Timbulnya perlawanan-perlawanan dari kaum tani yang menderita dua macam
ketertindasan tersebut serta merajalelanya korupsi di dalam tubuh VOC menyebabkan
VOC dibubarkan dan kekuasaannya dialihkan langsung kepada pemerintah Belanda
pada tahun 1800. Pada saat itu penghisapan Belanda terhadap Indonesia dengan cara
penimbunan modal secara sederhana beserta sistem monopolinya.
Dengan ikut sertanya kapital swasta di negri Belanda dalam penghisapan
kolonial terhadap Indonesia itu berarti suatu perpindahan yang sangat pokok dari
sistem monopoli menjadi sistem persaingan bebas. Ini berlaku sejak diadakannya
perubahan penguasaan tanah oleh pemerintahan kolonial Belanda yang dinamakan
“domein verklaring “ pada tahun 1870. Berhubung dengan adanya krisis ekonomi
yang sangat hebat pada tahun 1895, maka sebagian besar kapitalis-kapitalis swasta di
negri Belanda mengalami kehancuran, sehingga tinggal beberapa gelintir kapitalis
besar yang masih bertahan hidup. Ini menyebabkan ‘kapital finans’ berkuasa
sepenuhnya (perpaduan dari kapital bank, kapital industri dan kapital perdagangan).
Dengan begitu maka zaman kapital industri yang berdasarkan persaingan bebas
berakhir dan segera disusul oleh zaman imperialisme. Dengan demikian kedudukan
Indonesia sejak tahun 1895 di dalam hubungan ekonomi Dunia ialah bahwa
Indonesia dijadikan tempat sumber bahan mentah, tempat penanaman modal, tempat
pemasaran hasil produksi kapitalis dunia serta sebagai sumber tenaga buruh yang

5
sangat murah. Dengan lahirnya imperialisme Belanda di Indonesia itulah, lahir dalam
arti yang sebenarnya kaum buruh di Indonesia. Dengan adanya penanaman modal
industri oleh imperialis ( kapitalis monopoli tingkat tinggi) dalam berbagai lapangan
di Indonesia ( pabrik-pabrik, bengkel-bengkel, pertambangan, transport,perkebunan,
industri-industri gula, industri-industri kecil dll) lahirlah golongan rakyat dalam
masyarakat yang baru yaitu “kaum Buruh” , sebagai golongan yang menurut
kedudukan sosialnya berkepentingan untuk menghapuskan sistem penghisapan dan
penindasan yang dijalankan oleh kaum kapitalis monopoli (imperialis) Belanda.
Buruh yang menjual tenaga kerjanya untuk mendapat upah, muncul pada
dekade-dekade terakhir abad XIX, terutama di perkebunan swasta yang berkembang
di Jawa dan Sumatra.
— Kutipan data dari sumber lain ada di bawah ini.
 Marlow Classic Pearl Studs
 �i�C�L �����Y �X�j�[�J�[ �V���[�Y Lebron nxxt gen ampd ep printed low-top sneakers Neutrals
Penetrasi kapitalisme dalam wilayah pedesaan ditunjukkan
dengan hadirnya para petani yang tidak memiliki tanah, dan bekerja pada tanah-tanah
sewaan untuk mendapat upah. Sementara itu, di kota-kota besar, seiring dengan
perkembangan teknologi yang ditancapkan kolonialisme, muncul pula bidang-bidang
pekerjaan baru seperti masinis, sopir, pegawai kantor dan sebagainya. Munculnya
buruh upah ini tidak seketika menghadirkan gerakan buruh yang terorganisir dan
‘modern’. Perubahan cara pandang, kereta api, surat kabar, dan pendidikan, menjadi
elemen-elemen penting yang membaw a perubahan pada abad XX. Orang-orang
pribumi berpendidikan, yang kemudian dikenal sebagai tokoh-tokoh pergerakan,
menjadi pemimpin atau penggerak sejumlah organisasi modern, seperti Budi Utama,
Sarekat Islam, dan sebagainya. Sebaliknya gerakan buruh, pada awalnya digerakkan
oleh orang-orang Belanda. Di Eropa pada masa itu gerakan buruh sudah dikenal
secara luas dalam masyarakat, sehingga bukan hal yang aneh lagi jika timbulnya
gerakan buruh di Jawa dipelopori oleh orang-orang Eropa.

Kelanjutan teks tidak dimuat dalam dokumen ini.